Copy, exactly and without additions, every line in the records below from the one holding "This bedroom offers" through the one holding "timeless black and", both ends included.

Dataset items

>>>

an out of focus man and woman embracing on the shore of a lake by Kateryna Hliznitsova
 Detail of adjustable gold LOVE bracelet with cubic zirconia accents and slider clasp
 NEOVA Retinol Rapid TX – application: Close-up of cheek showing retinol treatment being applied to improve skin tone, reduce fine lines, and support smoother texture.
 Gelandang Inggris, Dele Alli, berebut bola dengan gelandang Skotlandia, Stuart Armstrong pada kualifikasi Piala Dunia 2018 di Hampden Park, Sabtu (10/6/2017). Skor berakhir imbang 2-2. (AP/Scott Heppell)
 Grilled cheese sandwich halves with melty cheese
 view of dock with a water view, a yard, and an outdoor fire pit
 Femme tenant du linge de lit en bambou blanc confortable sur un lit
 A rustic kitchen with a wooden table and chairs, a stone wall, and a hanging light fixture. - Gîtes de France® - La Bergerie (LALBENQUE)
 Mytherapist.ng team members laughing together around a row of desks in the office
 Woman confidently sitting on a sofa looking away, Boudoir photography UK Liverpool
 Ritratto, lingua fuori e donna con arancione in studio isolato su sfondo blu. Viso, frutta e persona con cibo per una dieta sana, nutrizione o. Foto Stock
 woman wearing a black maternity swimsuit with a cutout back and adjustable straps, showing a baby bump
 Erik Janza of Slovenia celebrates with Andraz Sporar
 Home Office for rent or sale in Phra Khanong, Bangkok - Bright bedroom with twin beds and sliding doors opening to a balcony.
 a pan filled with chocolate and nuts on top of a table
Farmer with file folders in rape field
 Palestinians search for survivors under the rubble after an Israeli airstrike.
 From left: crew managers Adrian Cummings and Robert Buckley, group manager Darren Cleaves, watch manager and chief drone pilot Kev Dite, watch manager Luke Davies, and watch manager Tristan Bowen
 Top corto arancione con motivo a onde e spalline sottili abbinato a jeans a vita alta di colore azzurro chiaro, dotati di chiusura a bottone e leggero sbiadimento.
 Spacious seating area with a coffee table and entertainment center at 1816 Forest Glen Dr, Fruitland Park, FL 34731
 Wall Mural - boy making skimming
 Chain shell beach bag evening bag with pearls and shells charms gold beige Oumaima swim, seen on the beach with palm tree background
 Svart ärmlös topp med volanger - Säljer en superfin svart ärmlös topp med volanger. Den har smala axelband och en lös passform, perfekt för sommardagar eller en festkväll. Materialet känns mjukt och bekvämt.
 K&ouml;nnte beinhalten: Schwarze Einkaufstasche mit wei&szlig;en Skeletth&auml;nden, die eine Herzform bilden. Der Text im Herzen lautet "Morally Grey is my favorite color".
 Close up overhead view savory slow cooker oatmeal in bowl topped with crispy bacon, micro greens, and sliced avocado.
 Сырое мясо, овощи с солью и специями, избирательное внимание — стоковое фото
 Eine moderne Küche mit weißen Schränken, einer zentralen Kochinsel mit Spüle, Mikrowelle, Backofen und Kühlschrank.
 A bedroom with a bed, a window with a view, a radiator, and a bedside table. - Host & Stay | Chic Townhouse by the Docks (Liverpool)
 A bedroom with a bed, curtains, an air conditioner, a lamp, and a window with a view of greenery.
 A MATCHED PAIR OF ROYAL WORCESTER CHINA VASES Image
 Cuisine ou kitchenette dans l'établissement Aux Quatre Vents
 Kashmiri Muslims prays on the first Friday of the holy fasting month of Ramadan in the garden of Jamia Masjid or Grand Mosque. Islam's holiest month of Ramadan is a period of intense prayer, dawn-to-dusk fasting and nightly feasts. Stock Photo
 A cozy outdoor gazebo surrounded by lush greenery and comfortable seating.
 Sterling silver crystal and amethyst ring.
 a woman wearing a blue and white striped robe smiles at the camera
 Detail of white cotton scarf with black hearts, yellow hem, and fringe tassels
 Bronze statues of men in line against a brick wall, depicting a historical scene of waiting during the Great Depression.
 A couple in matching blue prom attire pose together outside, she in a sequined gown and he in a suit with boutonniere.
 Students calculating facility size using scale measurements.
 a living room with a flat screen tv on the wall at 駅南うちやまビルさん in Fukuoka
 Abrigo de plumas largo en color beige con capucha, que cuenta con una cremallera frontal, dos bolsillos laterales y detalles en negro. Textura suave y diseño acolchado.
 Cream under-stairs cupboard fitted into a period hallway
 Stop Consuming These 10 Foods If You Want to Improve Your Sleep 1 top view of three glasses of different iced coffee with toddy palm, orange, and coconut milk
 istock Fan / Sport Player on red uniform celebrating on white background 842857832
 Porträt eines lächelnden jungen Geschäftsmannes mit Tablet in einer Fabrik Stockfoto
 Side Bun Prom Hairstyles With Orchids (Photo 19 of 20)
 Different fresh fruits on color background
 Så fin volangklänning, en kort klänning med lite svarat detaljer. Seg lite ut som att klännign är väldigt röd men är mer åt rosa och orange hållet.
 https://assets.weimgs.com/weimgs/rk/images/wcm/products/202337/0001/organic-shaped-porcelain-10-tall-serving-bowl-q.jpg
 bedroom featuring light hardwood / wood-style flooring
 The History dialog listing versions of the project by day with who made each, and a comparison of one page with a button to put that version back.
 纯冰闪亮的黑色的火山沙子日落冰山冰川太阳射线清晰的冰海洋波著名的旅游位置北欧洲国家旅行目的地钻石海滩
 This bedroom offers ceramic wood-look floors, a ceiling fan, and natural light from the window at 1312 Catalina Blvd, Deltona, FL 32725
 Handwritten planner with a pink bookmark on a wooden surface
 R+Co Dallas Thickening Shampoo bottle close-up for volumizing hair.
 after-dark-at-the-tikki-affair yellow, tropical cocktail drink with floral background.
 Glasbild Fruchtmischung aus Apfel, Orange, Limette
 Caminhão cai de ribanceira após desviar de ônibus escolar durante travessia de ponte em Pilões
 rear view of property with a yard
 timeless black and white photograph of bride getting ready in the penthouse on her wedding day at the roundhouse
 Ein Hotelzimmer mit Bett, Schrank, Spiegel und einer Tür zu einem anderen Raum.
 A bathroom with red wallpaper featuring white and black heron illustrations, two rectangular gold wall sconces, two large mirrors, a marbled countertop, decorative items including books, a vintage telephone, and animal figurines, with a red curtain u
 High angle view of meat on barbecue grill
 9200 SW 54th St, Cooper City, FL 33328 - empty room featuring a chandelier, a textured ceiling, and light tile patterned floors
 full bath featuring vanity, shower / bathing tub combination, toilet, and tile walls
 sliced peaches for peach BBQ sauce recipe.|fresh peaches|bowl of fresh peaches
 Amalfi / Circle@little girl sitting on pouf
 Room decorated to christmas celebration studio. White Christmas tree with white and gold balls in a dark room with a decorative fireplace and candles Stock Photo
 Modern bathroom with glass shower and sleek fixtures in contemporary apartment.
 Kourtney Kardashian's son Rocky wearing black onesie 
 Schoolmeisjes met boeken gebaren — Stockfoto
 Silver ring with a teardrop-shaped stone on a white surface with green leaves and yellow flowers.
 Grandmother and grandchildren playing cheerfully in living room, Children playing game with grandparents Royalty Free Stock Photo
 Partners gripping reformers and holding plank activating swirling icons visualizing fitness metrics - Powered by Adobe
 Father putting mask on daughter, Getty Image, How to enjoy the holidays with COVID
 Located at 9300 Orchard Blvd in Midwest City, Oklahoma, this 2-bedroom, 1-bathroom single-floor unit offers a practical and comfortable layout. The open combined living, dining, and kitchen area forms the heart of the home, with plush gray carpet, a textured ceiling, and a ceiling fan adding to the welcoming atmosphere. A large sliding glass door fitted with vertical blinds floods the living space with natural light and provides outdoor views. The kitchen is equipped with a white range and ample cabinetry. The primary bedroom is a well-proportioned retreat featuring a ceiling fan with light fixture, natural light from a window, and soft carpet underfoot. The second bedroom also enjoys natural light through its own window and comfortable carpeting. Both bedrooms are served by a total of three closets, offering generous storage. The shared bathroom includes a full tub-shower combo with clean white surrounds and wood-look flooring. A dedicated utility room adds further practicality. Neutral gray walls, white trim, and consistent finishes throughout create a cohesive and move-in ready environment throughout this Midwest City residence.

<<<

- Result -
 This bedroom offers ceramic wood-look floors, a ceiling fan, and natural light from the window at 1312 Catalina Blvd, Deltona, FL 32725
 Handwritten planner with a pink bookmark on a wooden surface
 R+Co Dallas Thickening Shampoo bottle close-up for volumizing hair.
 after-dark-at-the-tikki-affair yellow, tropical cocktail drink with floral background.
 Glasbild Fruchtmischung aus Apfel, Orange, Limette
 Caminhão cai de ribanceira após desviar de ônibus escolar durante travessia de ponte em Pilões
 rear view of property with a yard
 timeless black and white photograph of bride getting ready in the penthouse on her wedding day at the roundhouse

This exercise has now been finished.